On the question of human beings’ destructive power, deBuys said: “[O]ur relentless effort to use the world has undermined the sustainability of that very world. That’s why the story of Darwin and also the story of plate-tectonics is important to this book. With those two theories of Earth, human beings can now tell themselves the history of the planet without resorting to magic.

“At the same time the very future of the creation of which we are a part is threatened. That’s the paradox that is on my mind as a traveler on this journey on the trail to Kanjiroba. The two great theories are important to the tale.”

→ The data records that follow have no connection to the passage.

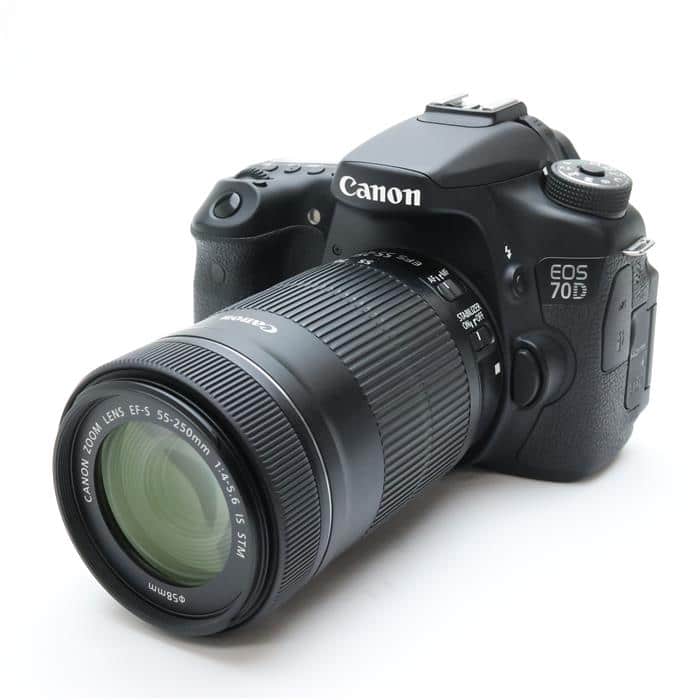 Canon - 【Wifi搭載】Canon キヤノン EOS 70D ダブルレンズ オマケ多数 EOS デジタル一眼 キヤノン CANON 70D ダブルズーム 中古 Wi-Fi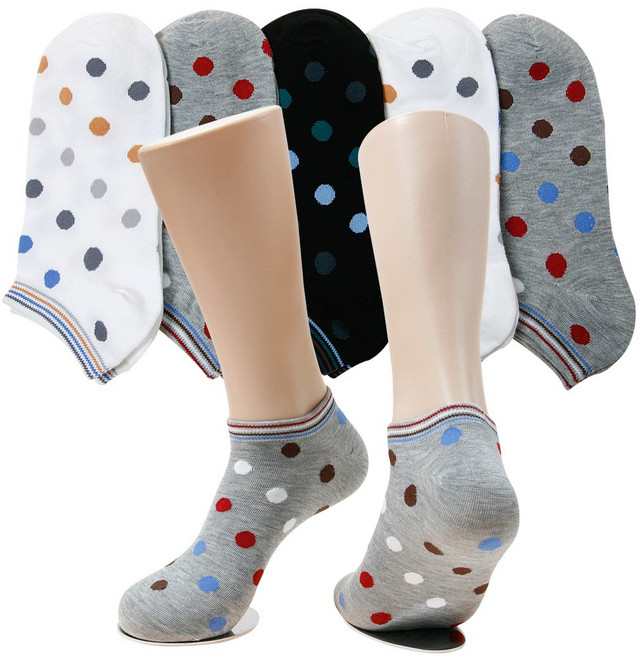 양말쟁이 남성 땡땡이 스니커즈 발목양말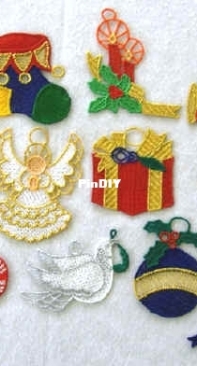 Stitch 4 Stitch - Christmas hangers - Machine Embroidery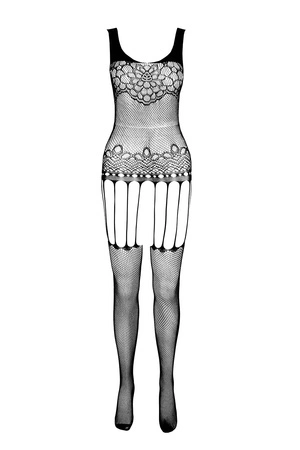 Passion ECO BS001 Body bodystocking, black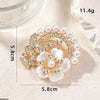 Butterfly/Pearl Flower Zircon Broach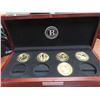 Image 1 : John .F kennedy 100th anniversary proof coin collection comes with certificate of authenticity- plat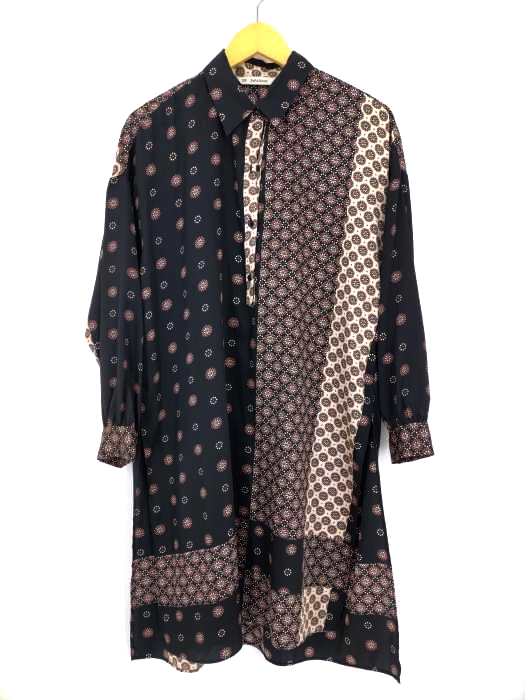 ザラベーシック ZARABASIC atchwork Print Oversized Tunic パッチワーク プリント オーバーサイズチュニック レディース import：XS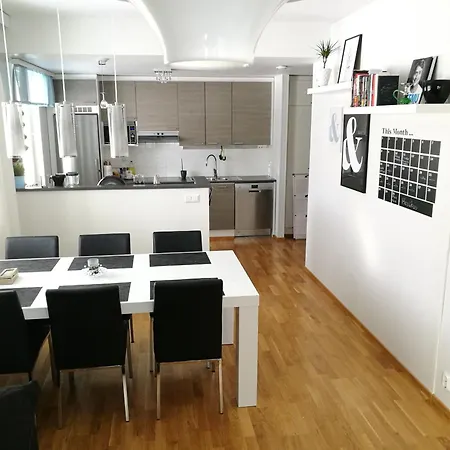 Stylish 1br Private Parking Sauna 公寓 *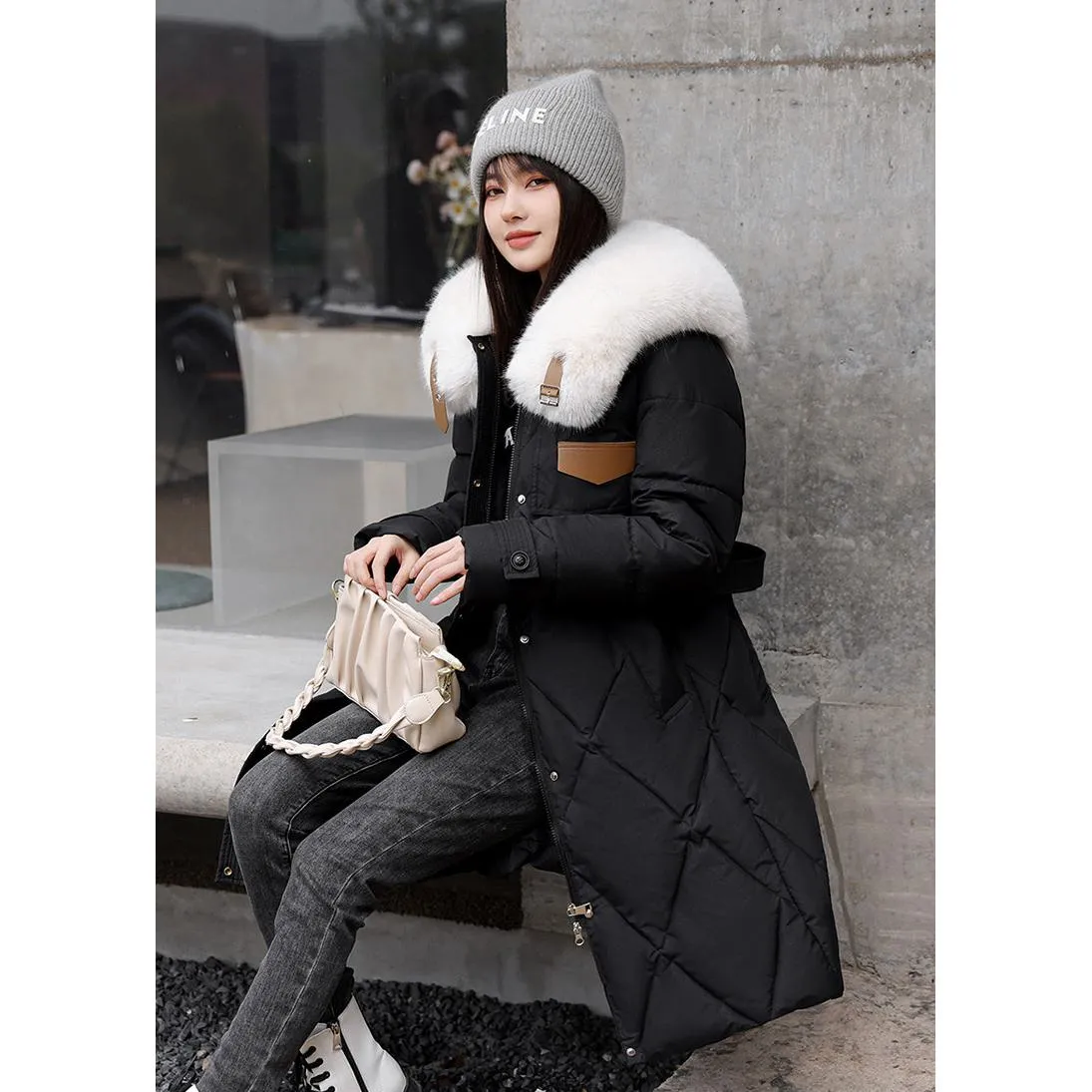 Fur Collar Thickened Puffer Coat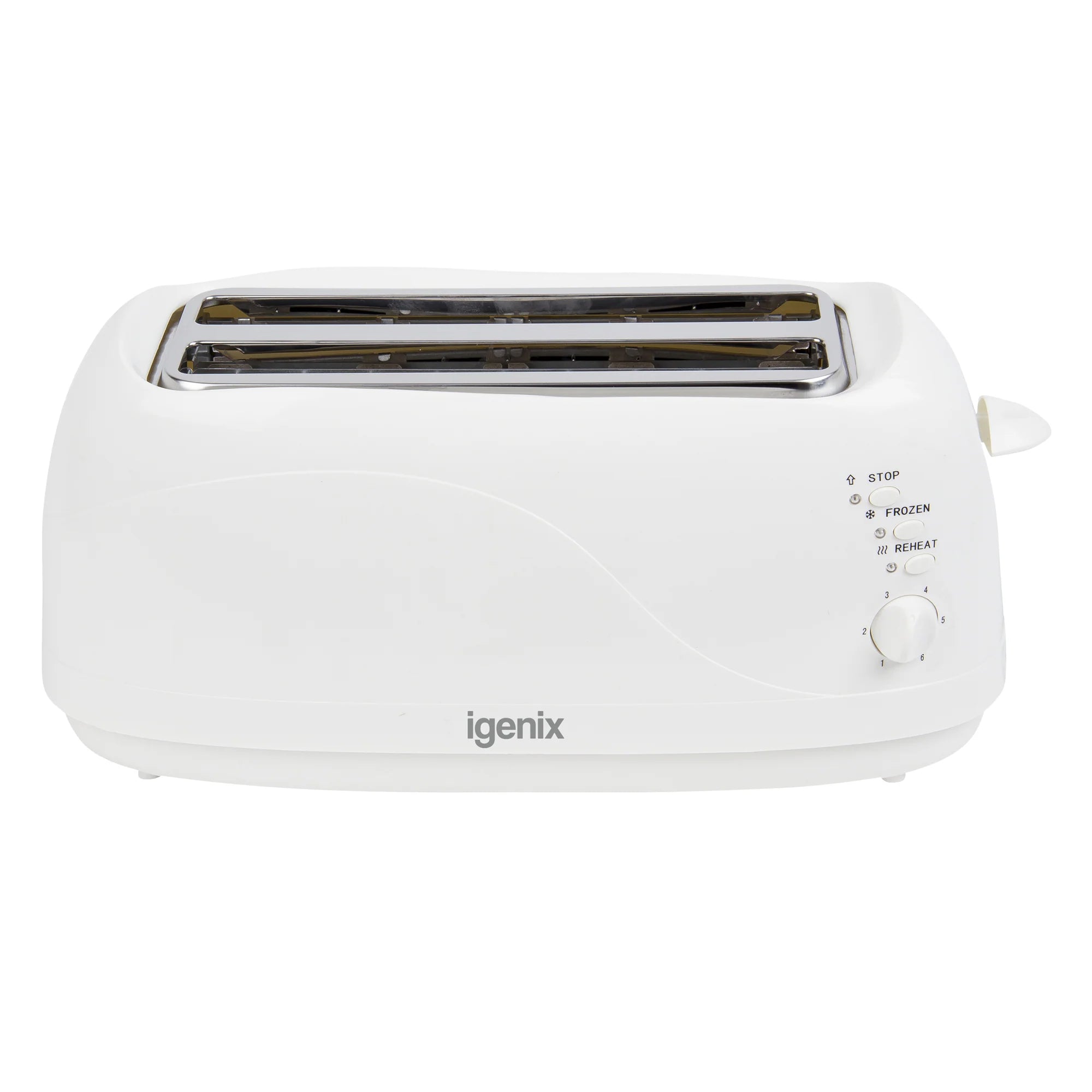 4 Slice Toaster, Removable Crumb Tray, White
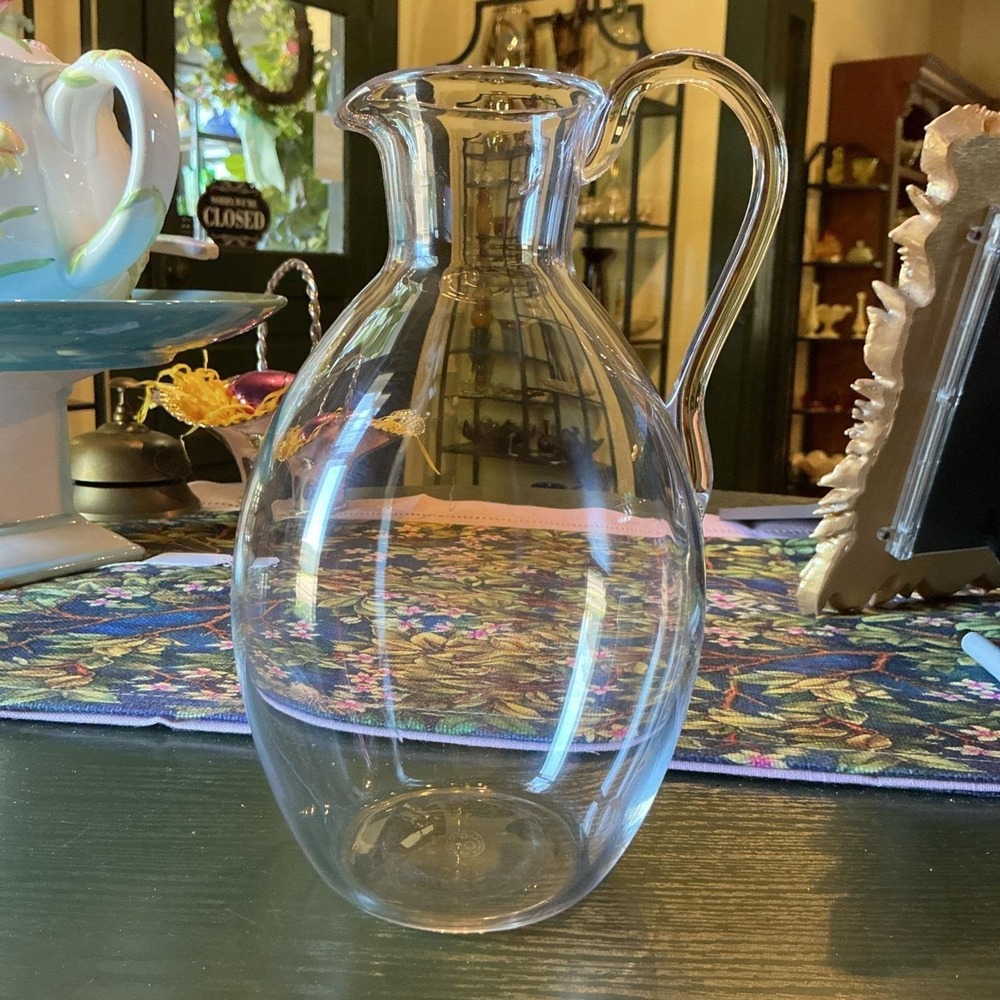 Baccarat French Modern‎ Colorless Glass 8" Pitcher w/ Mark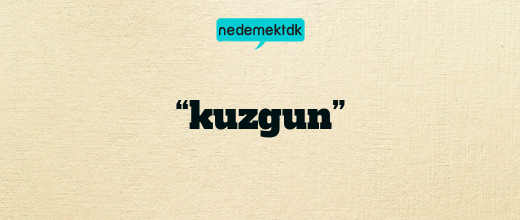 “kuzgun”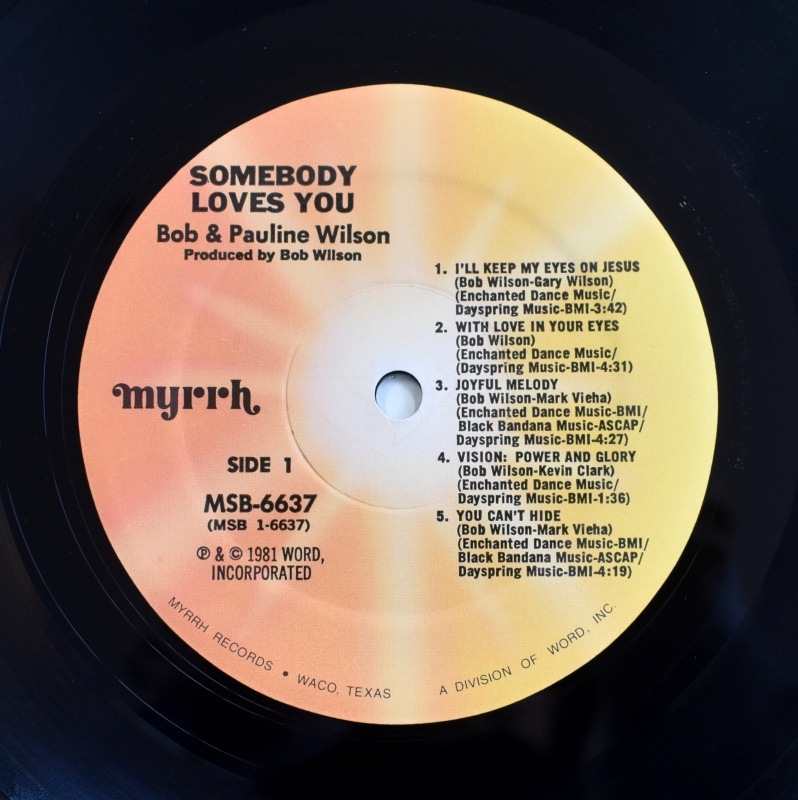 Bob & Pauline Wilson - Somebody Loves You                    [LP]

DeBuys seemed to be on the edge of despair at the beginning of his book. I asked him if he came back from the two trips to Upper Dolpo feeling better. “I was [on the edge of despair], especially at the start of the first expedition, because of the impact on me of my expedition in Laos [as recounted in The Last Unicorn] looking for an animal called the sola while confronting the gorier parts of mankind’s war on wildlife.

“Before that I had done a book on climate change [A Great Aridness]. Both experiences had really dismayed me. I was looking for rest and solace when I went to Nepal. In the two expeditions there, I think I found a way to find some resolution without succumbing to numbness or despair.

The Trail to Kanjiroba … is the book that answers the question: ‘When we look at the catastrophes of climate change and species loss, how do we not lose heart?’ This is really a book about keeping heart. Care over cure. Warm hand to warm hand, as Roshi Joan says.”

On whether he plans to write another book, deBuys said: “I don’t really plan. I just start writing what interests me, what really concerns me. I have more that I want to write about this area, New Mexico. I am writing about my family origins, and more about my Nepal experience.  Who knows what lies around the corner?

“When I meet with students one of the first things I tell them is to write anyway and to write any way — and to read. I was a book worm as a kid. In the loneliness of adolescence, books were my other world.”

Two things that jumped out at me from The Trail to Kanjiroba were the customary washing of peoples’ feet in villages the group visited and locals sticking out their tongues to show they like someone. DeBuys wouldn’t be pressed to talk more about the book, only saying “The reading of the book is a journey and you have to go on the journey to get it.”